Dopo Baudelaire almeno, sappiamo che i veri autori di una epoca non sono già quelli che scrivono poesia per un tempo inesistente, e di questa inesistente poesia si servono come modello per condannare la poesia che si fa; e neppure quelli che guardano ad un passato tanto apparentemente felice quanto in realtà freddo, lontano, illusorio, e di questo idolo si fanno un metro non conveniente per misurare una esperienza viva, per un rifiuto che era già scritto prima ancora della lettura. Il poeta del tempo vive nella situazione, la significa almeno quanto ne è significato, e resta alla fine un difficile simbolo degli anni.

(L. Anceschi, Metodologia del nuovo)1

1. Superando Ermetismo e Neorealismo

Intraprendere un qualunque tipo di discorso sulla Neoavanguardia italiana degli anni Sessanta risulterebbe uno sforzo vano se prima non si cercassero di comprendere i motivi che hanno costituito la base del suo programma di negazione e rifiuto.2 Si tratta, in primo luogo, di individuare contro cosa si sia posta l’azione negatrice e, in seconda analisi, di studiarne le modalità di attuazione, mettendo in risalto le caratteristiche che la definiscono.
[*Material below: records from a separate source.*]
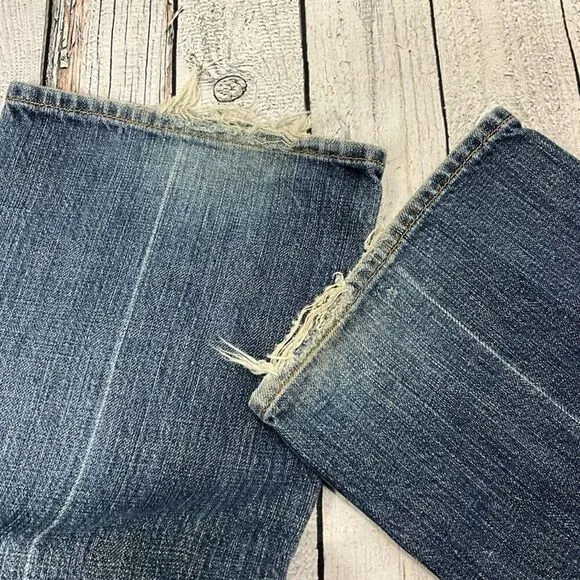 7 For All Mankind Bootcut Jeans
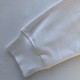Fendi White cotton Fendilicious sweatshirt Fendi White cotton Fendilicious sweatshirt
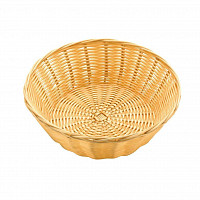 d20 см h7 см плетеная ротанг бежевая фото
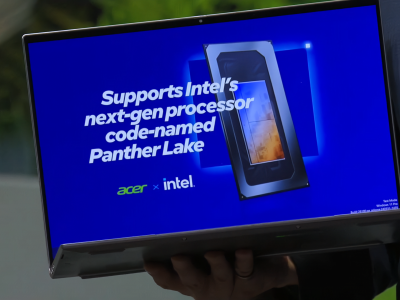 Acer Swift 16 AI – pierwszy laptop z procesorem Intel Panther Lake i największym touchpadem na świecie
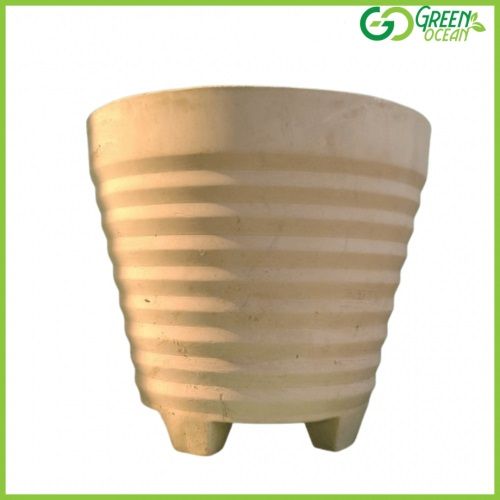 Cement Pot (12 Inch)
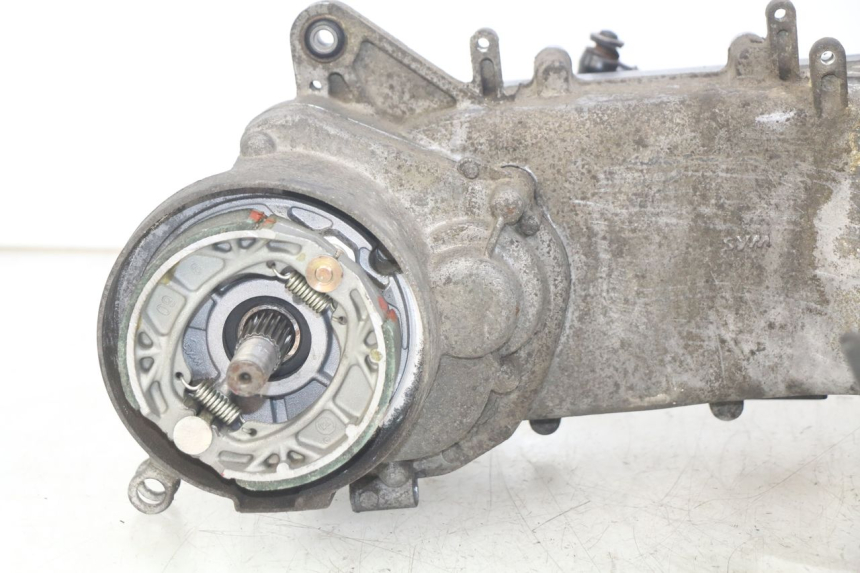 photo de ENGINE PEUGEOT VIVACITY NEW 4T 50 (2008 - 2017)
Un primo dato da tenere in considerazione è la coesistenza in Italia, nel corso degli anni Cinquanta, di due grossi filoni letterari: quello neo- o post-ermetico e quello neorealista. Un secondo dato è la presa di coscienza, da parte di alcuni operatori letterari come di alcuni esponenti della critica, dell’esaurimento delle possibilità espressive di...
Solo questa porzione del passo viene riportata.